鉛色の曇天に塩辛い風がピューピューを立てて通り過ぎ、此処にすむ人々はいつも背中を丸め、うつむいてで始まるいつもの導入ではない。
外を出ると、まぶたを突っつく日の光にいったんは閉口しても、すぐにいつもの微笑みに変わっていく。
「今朝も、眩しくて綺麗な青空」
そんな背景の中にマイケルがしる全ての人々が納まっていた。
パパもママもむろん、その中に入っている。パパはママの顔色をソワソワ見ていないし、ママはパパの陰口なんか言ってこない。手なんか繋いで、楽しむためだけの散歩を楽しんでいるって感じだが。勿論その中にマイケルは入っている。学校の休み時間には校庭で遊んだり、友達とはしゃいでキャサリン先生に注意されたり、他の子どもたちと何ら変わらない日常を過ごしている。
そう、マイケルはまだ子どもなのだ。ピチピチの半ズボンなんか履いて。ダニエルもイーサンも、あれっキャサリン先生まで、少し小さな服に身体を納めてるみたい、それとも身体のほうが少し膨らんでるのかな、顔も腹も腿もラグビーボールに張り付いたみたいにみんな丸みを帯びている。
すぽーん
あれっ、誰かひとりが減ったみたい。みんな好き勝手に動いてドッチボールしてるんで、減っていくのは分かっても、誰がどこにいてどこで誰が減っているかは分からない、見当がつかない。
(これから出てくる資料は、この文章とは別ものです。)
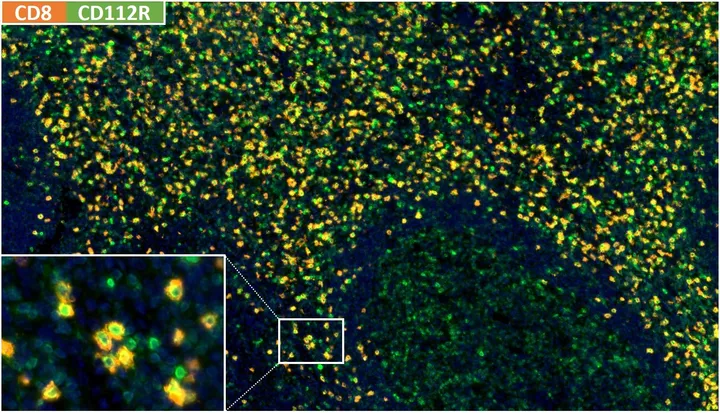 Fluorescence multiplex immunohistochemistry of a normal human tonsil with anti-CD8 (DIA-TC8; orange/red) and anti-CD112R/PVRIG clone R12 (DIA-R12; green), nuclei blue – figure 01 of the previous ONCOdianova CD112R gallery.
「マイケルっ、そんな風にいつまでも持ってないで。早う投げてよー」
呼ばれている声で、自分がボールを持っていることゲームに参加していることに気づき、急いで離した。ボールは意地悪で目立ちたがり屋のゴードンの手の中に入いり、まだそれに気づいていないぼんやりのエマに狙いが定まる。
ドーン
すると、ユマとボールが瞬時に消えた。
「二つ一緒だ、ついてるぅー、ラッキー」
ゴードンの解説でさっき手離すように投げたボールの正体が分かった。あれは空気を膨らましたボールなんかじゃない。一年生で一番ちっちゃなエディだ。こねくり丸められ、まん丸になってるけど、こうなるお終いまで見えてたはず。
「今度はマイケルがボール役だ」
殊勲のゴードンには次を命じる権利があるらしい。なければ、すぐに作って決めて言い放つだろう。だって、意地悪で目立ちたがりやだから。
ちょっと目を離した隙にゲームは進み、参加している人数はかなり減ってきている。ゴードンが残ってるマイケルに目を付けるわけだ。ダニエルもイーサンもいない。キャサリン先生はトーテムポールの立っている丘からパパとママと一緒に此方を見物している。
そう思うと勇気が出てくる。いいとこ見せたい気分が湧いてくるって、もん。
「いやだよ、ボールなんて。ぼくはまだ投げたいんや。殊勲をあげたいんうや。最後の一人になるまで残ってチームに貢献したいんや」
言い返してくるなんて少しも予想してなかったから、ゴードンはびっくりした、慌てた。アワアワアワばかりで、次の命令のカードが出てこない。チャンスだ。
「ゴードン、次は君がやれよ。君は今まで一度もボールなんてやったことがなかったんだろう。一度くらいボールを賜ってみろよ、君が」
居残ったメンバー全員がマイケルの側に立っていた。ゴードンはしぶしぶチームの意に従いマイケルの手の中に納まるまで小さく丸くなった。